The blending factories, in fact, encountered two problems. First, the factories did not prepare recipes of nutrients needed to be blended, based on the farm and plant nutrient deficits. To the surprise of many, even the imported basic nutrients were the wrong granular sizes and did not fit the granular index the machines were programmed to bend.

The best approach, according to Zebene, is tailoring the blending output with the exact ratio of acidity and nutrient deficit in the soil. “So far their blending ratio is not right. ATA’s soil atlas is based on only soil samples. It is not plant specific,” he says. “The atlases need expert evaluation and interpretation to be used by farmers. Farmers need simplicity, an all in one fertilizer, rather than different fertilizer packages. The blending factories must be able to produce what the soil lacks and what each plant needs.”

Farms under Ethio-Agri CEFT and Horizon plantations currently use imported NPK (nitrogen, phosphorous, potassium),which is good for coffee, and is needed in dry areas in the state of Tigray, rather than the products of the blending factories, according to Zebene. “The lime and blending machines were installed with great ambitions, but remain stuck. I came to Ethio-Agri CEFT three years ago.
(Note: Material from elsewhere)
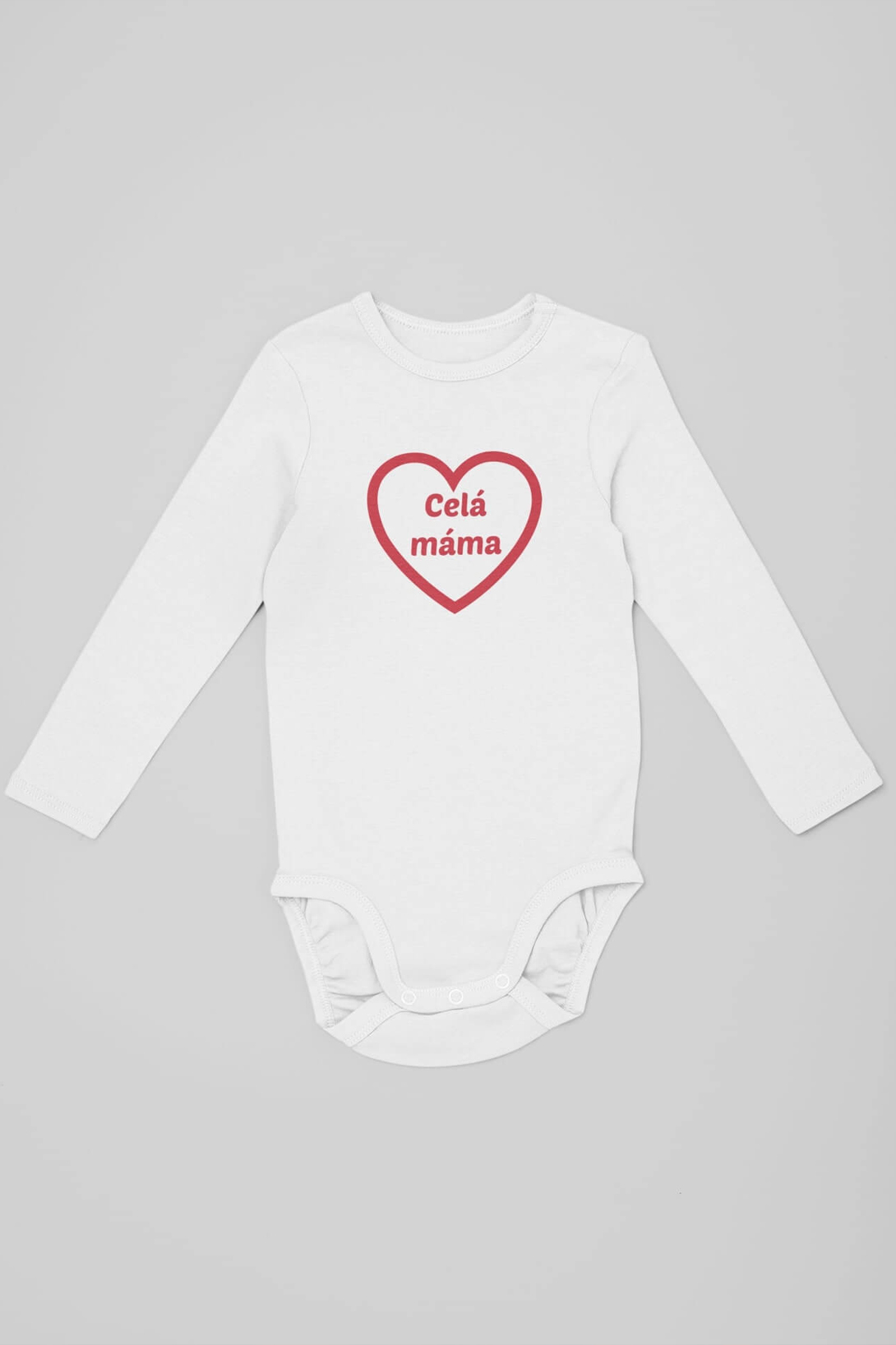 Kojenecké body Celá máma Velikost: 68(4m-6m)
Here we blend and use NPKSB and NPKSBZ. We are talking with OCP [a Morrocan fertilizer producer] to access a sustainable farm and plant specific fertilizer supply.”

The capacity of the blending machines Ethiopia bought is similar to the machines purchased by Uganda, Kenya and other African countries years ago. They also faced the same granular index problem in the initial years. But they changed it immediately and solved the problem. The Ethiopian government, however, prefers to follow a different path. As of now, OCP is working with the MoALF to fix the problem of the blending factories.

For Ethiopia, it is not only acidity that undermines future agricultural productivity, but also the presence of alkaline soil. This is true especially for the states of Afar and Somali. Alkaline soils, which have poor soil structures and low infiltration capacity, owe their unfavorable chemical properties mainly to the presence of sodium carbonate. Sodium carbonate, also known as washing soda, soda ash and soda crystals, is the water-soluble sodium salt of carbonic acid.

Worryingly, however, alkaline soils are difficult to reclaim unless treated with chemical amendments, according to soil scientists. Mesfin, for his part, suggests irrigation to treat the soil. “If successfully irrigated under sound water management, they could make a difference in the fast-track attainment of food security. If not, they can even go a long way to facilitate market-oriented development,” stresses Mesfin.